Keeler Brass Co. v. Continental Brass Co.,
No. 86-2077, slip op. (4th Cir. Feb. 17, 1987) [
On remand, the district court conducted an evidentiary trial and made legal and factual findings that Keeler had established a prima facie case of copyright infringement. The court found, however, that Continental and Everett Bryant had rebutted the presumption of copying established by Keeler’s prima facie case with evidence of independent creation. It then concluded that Keeler did not sustain its ultimate burden of proving a copyright infringement.
Keeler Brass Co. v. Continental Brass Co.,
In June 1983, a Keeler designer created a design for ornamental hardware. His drawing depicted a front and side view of a drawer pull expressing a particularized oriental design. A copyright notice was placed on the drawing. Later in the summer of that year, a Keeler representative showed the drawing to John Roser, a furniture designer, who was working to create an oriental bedroom suite for the Singer Furniture Company. Roser considered using the Keeler drawer pull on the furniture that he was designing for Singer.

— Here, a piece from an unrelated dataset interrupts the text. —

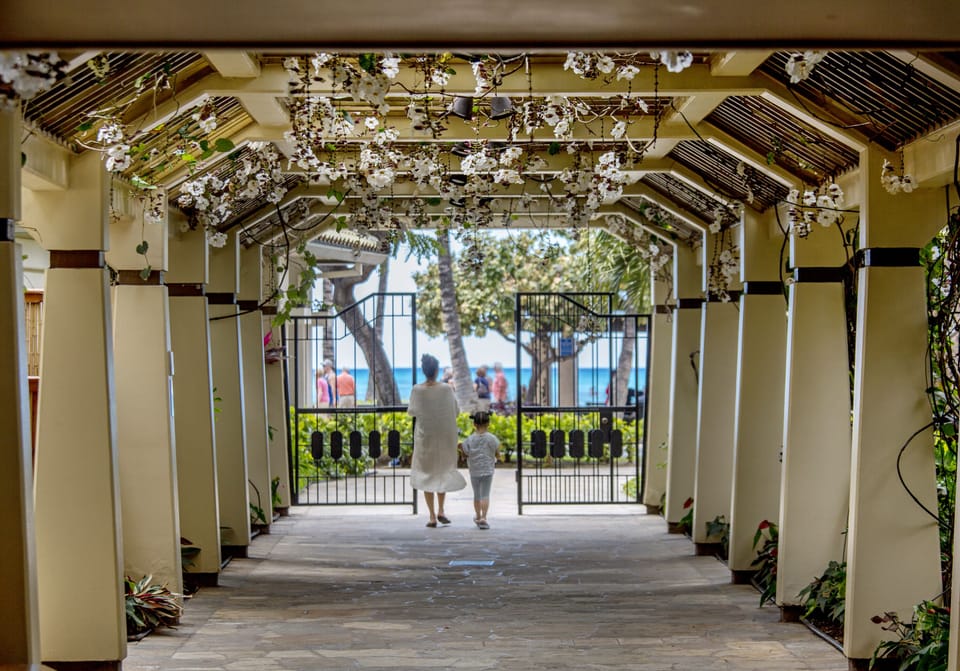A charming pathway framed by flowering vines leads to the property's beachfront entrance, with ocean views and tropical surroundings beyond the gates.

Apparently for competitive reasons, however, Roser later met with Lynn Fouts, an Everett Bryant hardware designer, concerning possible hardware for the Singer Furniture. Roser showed Fouts furniture design sketches and a “mock-up” of the drawer front with a “rout” line where the drawer pull fits onto the wooden drawer. Roser also showed Fouts a sketch of the Keeler design and asked Fouts to design a similar drawer pull. The Keeler design that Fouts saw contained no dimensions, but Fouts traced the rout line from the mock-up showing the bottom dimensions of the hardware. Roser testified that he did not remember giving Fouts a copy of the Keeler design, and Fouts testified emphatically that he never received a copy and that he never saw the technical aspects of the Keeler design. According to Fouts, he took away from the meeting only a tracing of the Singer drawer front containing marks for screw holes and a rout line where the bottom of the hardware was to fit. Fouts then produced several drawings for Roser’s consideration. Roser chose one of the drawer pull drawings for the Singer furniture, and Continental manufactured the drawer pulls which it sold to Singer.
Keeler’s evidence established similarities between the Keeler design and the one ultimately designed by Fouts and used by Continental. The designs show that both back plates have similar exterior dimensions with indentations on the bottom corners and receptacles for attaching screws three inches apart. Both drawer pulls also have bails with a “key” design. Continental and Everett Bryant, however, introduced the testimony of Roser and Fouts to show the differences between the two designs. For example, the Continental design has more curve across the bottom and the top. It has a wider bail with a different shape. It has different finger holes. In addition, the Continental design is more ornate than the Keeler design.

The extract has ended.